A software source code review expert typically engages in three different types of litigation. The first is litigation involving intellectual property cases, the second is in products liability cases, and finally in contracts disputes. In intellectual property cases the software source code
review can help determine whether or not a system or device is practicing claimed elements of a patent.
Also in intellectual property cases, the software source code review expert can
determine whether software source code has been copied or stolen, in
other words, software theft. In products liability cases the software source code review
expert can determine whether or not software source code is a the
root of an incident with a machine that resulted in an injury to a
person or damage to property. In contracts disputes the software source code review can help determine whether
or not the terms of a contract have been breached.

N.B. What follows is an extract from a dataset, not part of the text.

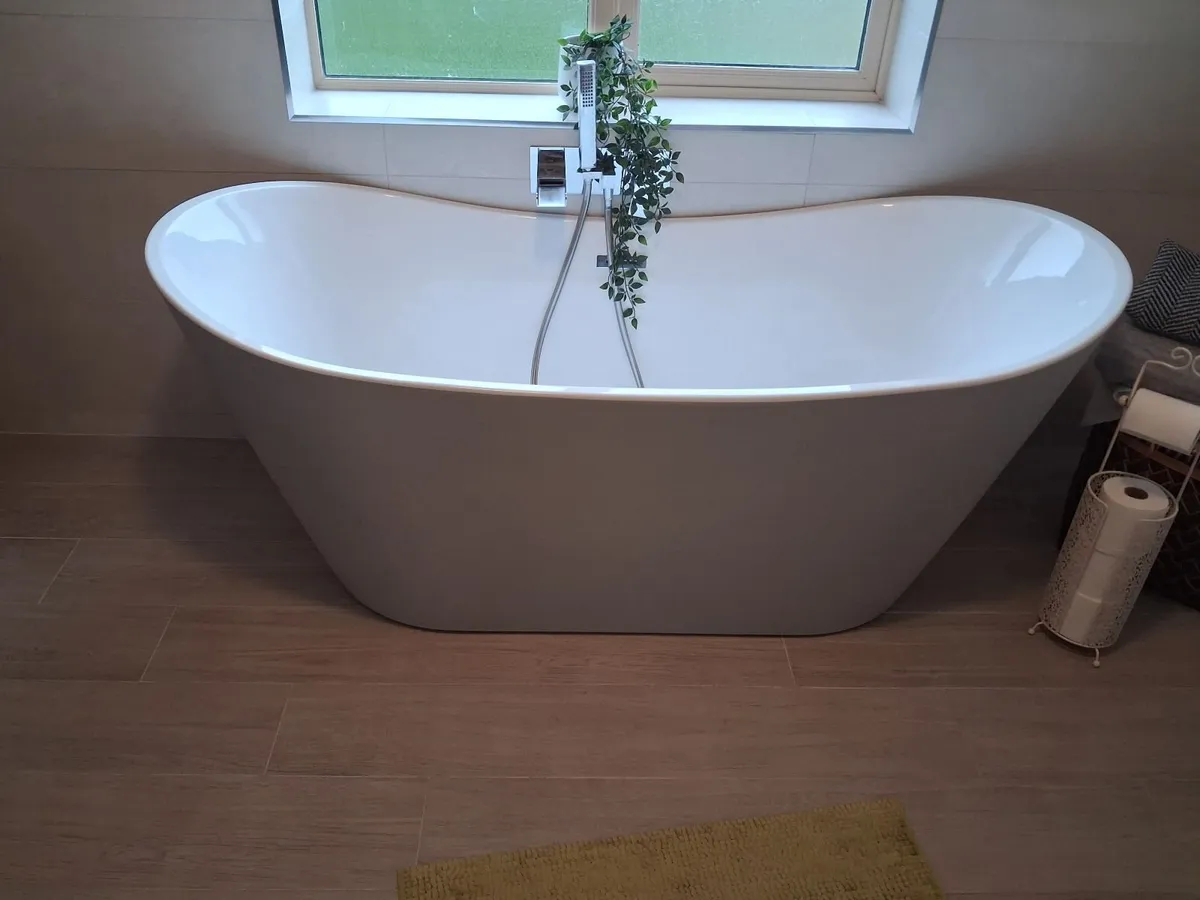 Bath - Image 4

The process of detecting stolen
software generally falls into two categories. The first thing that
happens is the entity that feels their software has been
misappropriated become suspicious for some reason. They then engage
a lawyer that may or may not file a lawsuit. The software source code expert is
not generally involved until after this step because a lawsuit, or
the expressed possibility of one, is typically required for the
entity accused of software theft to produce the subject software.
The bulk of the software source code expert's effort is generally
focused on detecting matching software elements. I have found that
this step is best followed in a structured fashion.
1. Make sure you have the right code, and all of the
code
- Modern software can involve many different third party
framework products. These software packages can bring hundreds of
thousands of lines of source into the code base. Unique software
that was written specifically for the subject applications can also
add hundreds of thousands of lines of source into the code base.
Sometimes, the core intellectual property at issue is encapsulated
within a few thousand or even a few hundred lines of source code. It
is relatively easy for the party accused of stealing software to
"mistakenly" fail to produce these lines of source code.
Detecting the absence of this code can be quite difficult for the
expert evaluating the accused software. Requiring
that the subject software is produced in a format that can be compiled and
executed is one good way of raising the confidence that all of the
subject source code has been produced.
2. Overview the code base - What language(s) is(are) used, 3rd party software tools and frameworks, general structure of the code base, high level analysis of what the code does.
- This step is important for the software expert to form an understanding of
the source code, but it can be of less value if the subject software
has been restructured in order to obfuscate evidence of software
plagiarism.
3. Folder structure, file names, total number of files - As with the
general overview of the code base, this step is important for the
software expert to form an understanding of the source code, but it can be of
less value if the subject software has been restructured in order to
hide evidence of software stealing.
4. Text matches between code bases - Matching misspellings, matching jargon, grammatical errors,
and unusual capitalization can all be very strong indicators of
software theft. There are a number of publicly available software
packages that will generate statistics as to the degree of matching
between the two code bases, and I've also written software to
generate matching statistics. There are also plenty of academic
papers describing various techniques for software fingerprinting.
This is is really the only part of stolen software detection process
that can be easily automated and in my expert experience it is generally of
limited value. This is because people that steal software will
inevitably go to some effort to hide the evidence of the theft. It's
rather easy to change text, variable names, use different third part
framework software, change the source language, etc. to make the statistics indicate very low
levels of text matching. Rarely do these statistics provide any
meaningful insight with regards to software plagiarism.
5. Words that do not belong - Having text references to the
plaintiff's company can be pretty strong indicators of software
theft.
6. Database debris - It is not unusual for modern software to
include a database and it is not unusual for people that steal
software to try to remove data that would indicate software theft.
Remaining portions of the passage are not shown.